The Chief
August 8, 2002

Turndown a 'Victory for Cops'

'71 Killer Denied Parole

By Richard Steier

The Chief Leader/Linda Obuchoska
'BATTLE HAS JUST BEGUN': With Patrolmen's Benevolent Association officials looking on, Diane Piagentini expresses gratitude that parole was denied for a man convicted of murdering her Police Officer husband Joseph 30 years ago, but also noted she would have to make the same case against leniency for him in another two years.

"This has been a victory for all police officers and their families," Diane Piagentini told reporters inside a Patrolmen's Benevolent Association conference room Aug 1, a day after her husband's killer was denied parole.

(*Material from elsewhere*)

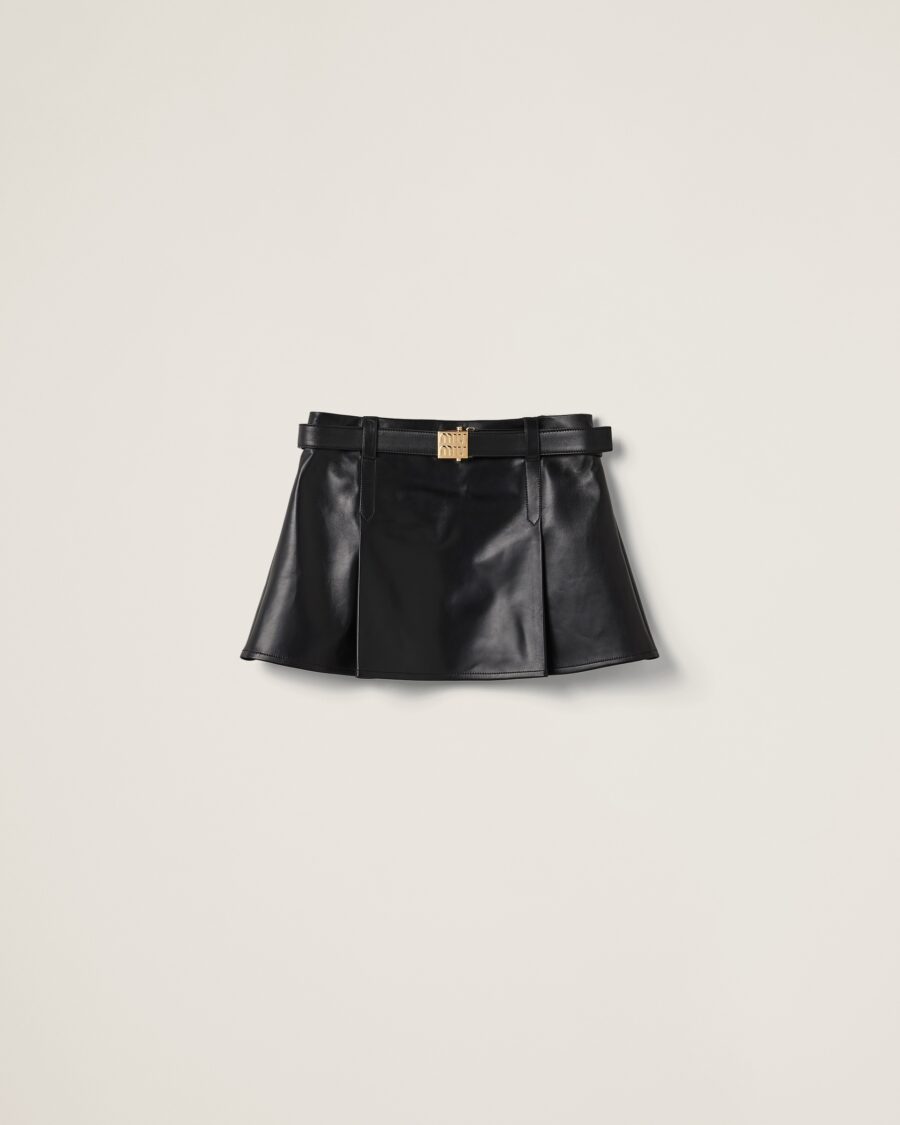 NAPPA LEATHER SKIRT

Police Officer Joseph Piagentini was 28 years old when he and his partner, Waverly Jones, were murdered by members of the Black Liberation Army - a deadly offshoot of the Black Panthers - as they returned to their patrol car after responding to a domestic violence call on the night of May 21, 1971.

Unrepentant Candidate

One of the three BLA members convicted in the case, Anthony Bottom, who now calls himself Jalil Abdul Muntaqim, has neither admitted his guilt nor expressed remorse about the killings, the chances of his request being granted seemed slim.

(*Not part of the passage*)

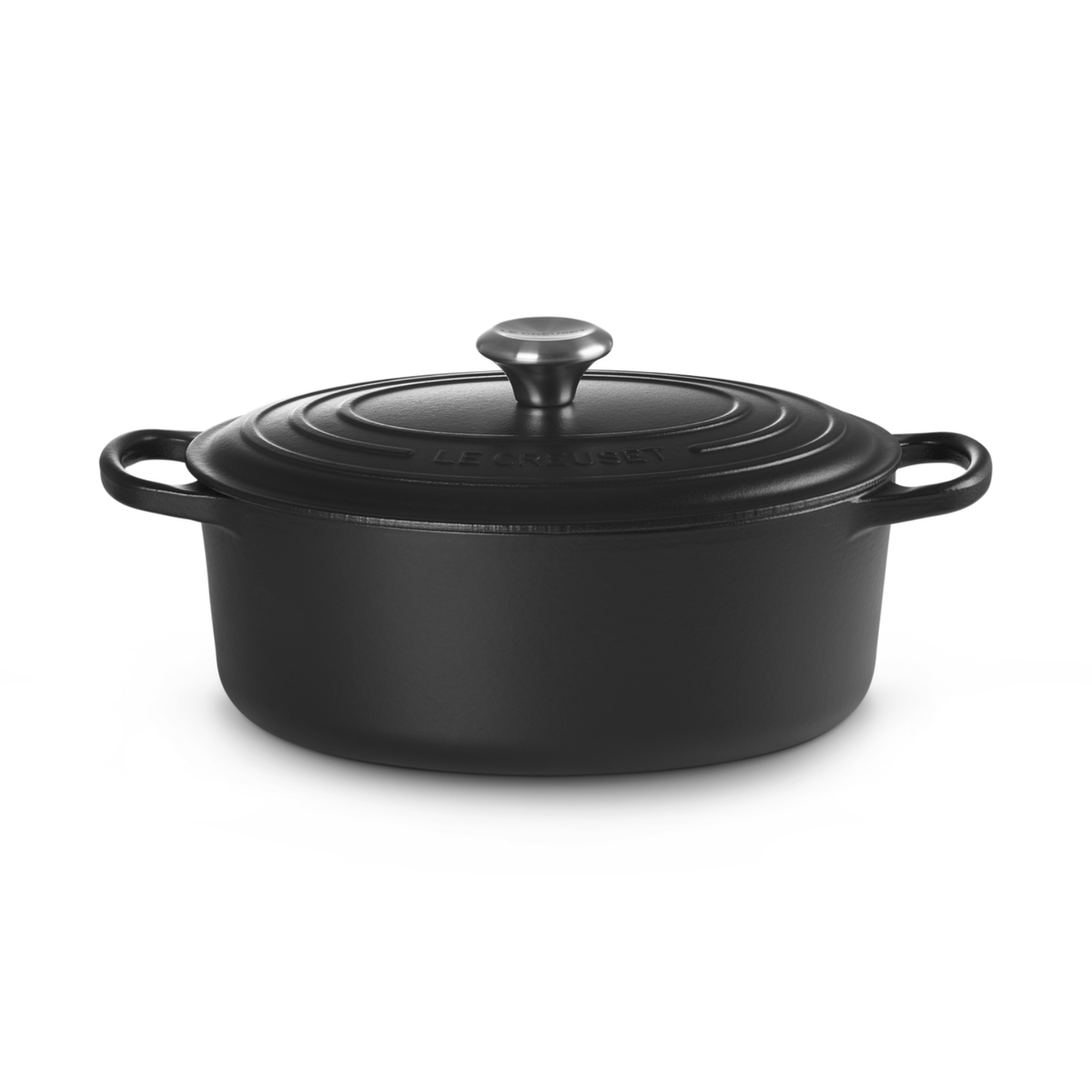 Le Creuset Signature Cast Iron Oval Casserole 29cm Satin Black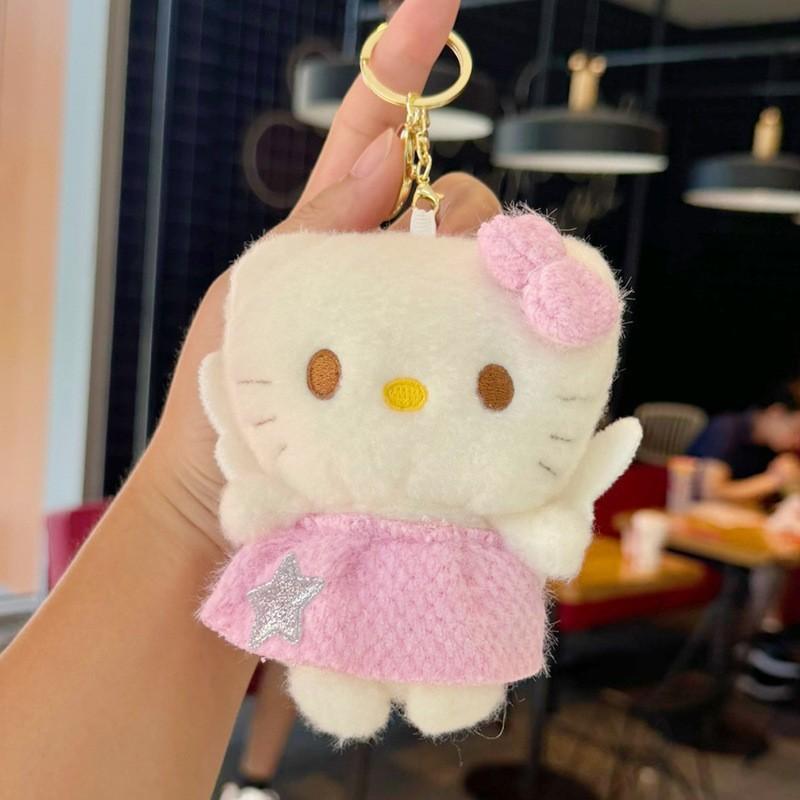 Hello Kitty Plush Keychain With Metal Clasp And Gift For Collectors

But the matter took a political twist a month earlier when Brooklyn City Council Member Charles Barron introduced a resolution supporting freedom for Mr. Muntagim and others whom it described as having been "unjustly imprisoned" for their beliefs.

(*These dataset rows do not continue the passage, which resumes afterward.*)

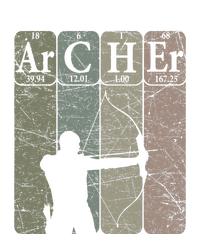 Retro Archer Periodic Table Elements Bow Hunting Archery Canvas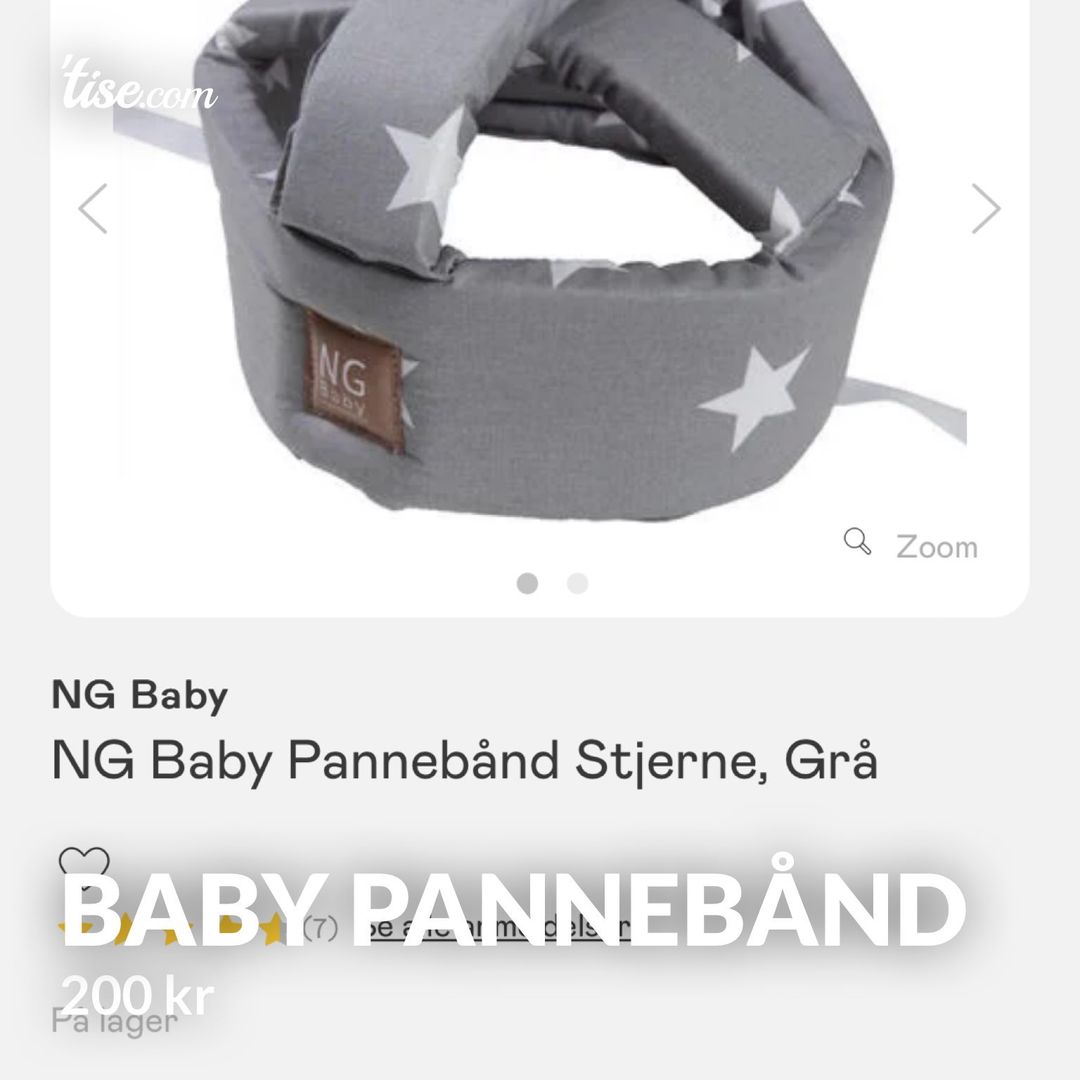 Baby pannebånd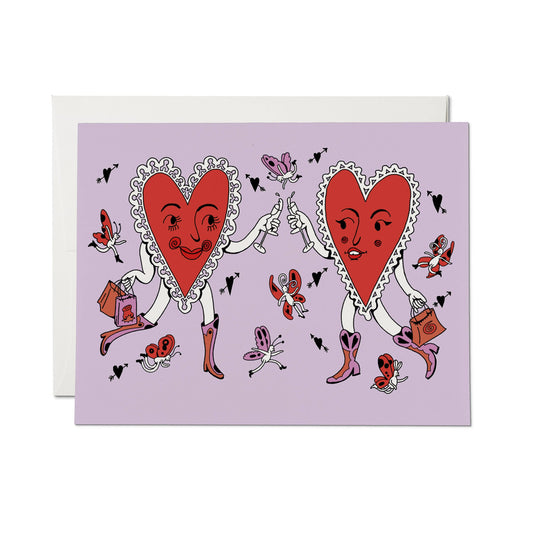 Heart Cheers greeting card: Single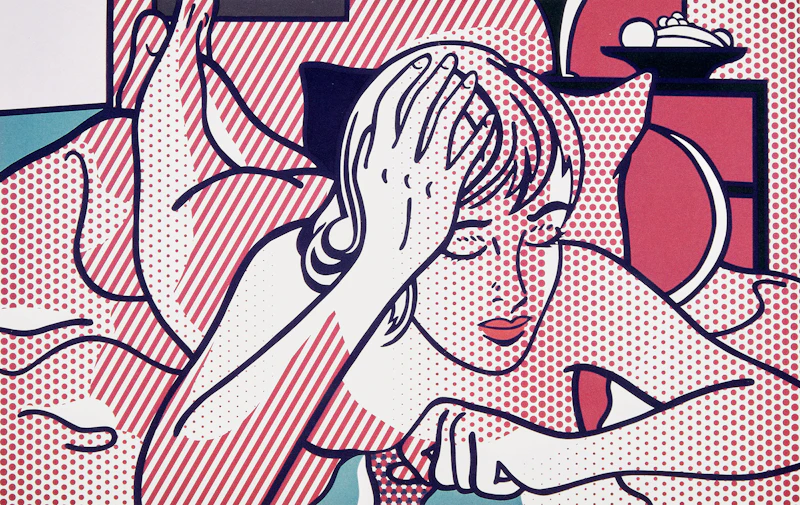 Roy Lichtenstein, From the Nudes Series, six colour relief prints, 1994 - view 7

"If America wants freedom for political prisoners around the world, then we must have freedom for political prisoners right here in America," Council Member Barron said during a City Hall press conference. "We say no matter what the situation, 30 years is enough. Let him out."

His stance triggered a strong reaction from the PBA in tandem with Ms. Piagentini, as well as from top city officials. Police Commissioner Raymond W. Kelly, who was an NYPD Sergeant at the time of the murders, termed Mr. Muntaqim "an assassin, a killer of two police officers," and Mayor Bloomberg took the unusual step of writing the state Board of Parole asking that it keep Mr. Muntaqim incarcerated for the balance of his 25 year-to-life sentence.

'Let Outrage Be Known'

A campaign led by the PBA produced more than 10,000 letters and e-mail messages to the parole board opposing freedom for Mr. Muntaqim, a union spokesman said last week.

PBA President Patrick J. Lynch, describing himself as "extremely grateful" that the board heeded their pleas, thanked his members and others who "let their outrage be known that this murderer should not be let out on the streets."

He said he was never sure that the decision would go against Mr. Muntaqim, remarking, "You can't ever take for granted that the Parole Board is going to know all the facts or have the courage to do the right thing."

Ms. Piagentini, while clearly elated by the ruling, spoke of having to again marshal her emotional resources two years from now, when Mr. Muntaqim can renew his bid for freedom and another of the killers, Herman Bell, becomes eligible for parole. (The third man convicted in the case died in prison.)

She said she had asked the union to pursue a bill in Albany that would prevent cop-killers from regularly being able to seek parole no matter now often they are denied it.

"If you kill a New York City Police Officer, the penalty is life with no parole, Ms. Piagentini said in a soft but firm voice. "That's it. They're not political prisoners. They're assassins."

The two daughters she had to raise without a father, Deborah and Mary, took active roles in the campaign against parole for Mr. Muntaqim, Ms. Piagentini noted, and would carry on in the future.

"He asks for parole, I'm going to be there," she said. "When I pass away, my daughters are going to be there. The PBA will always be there.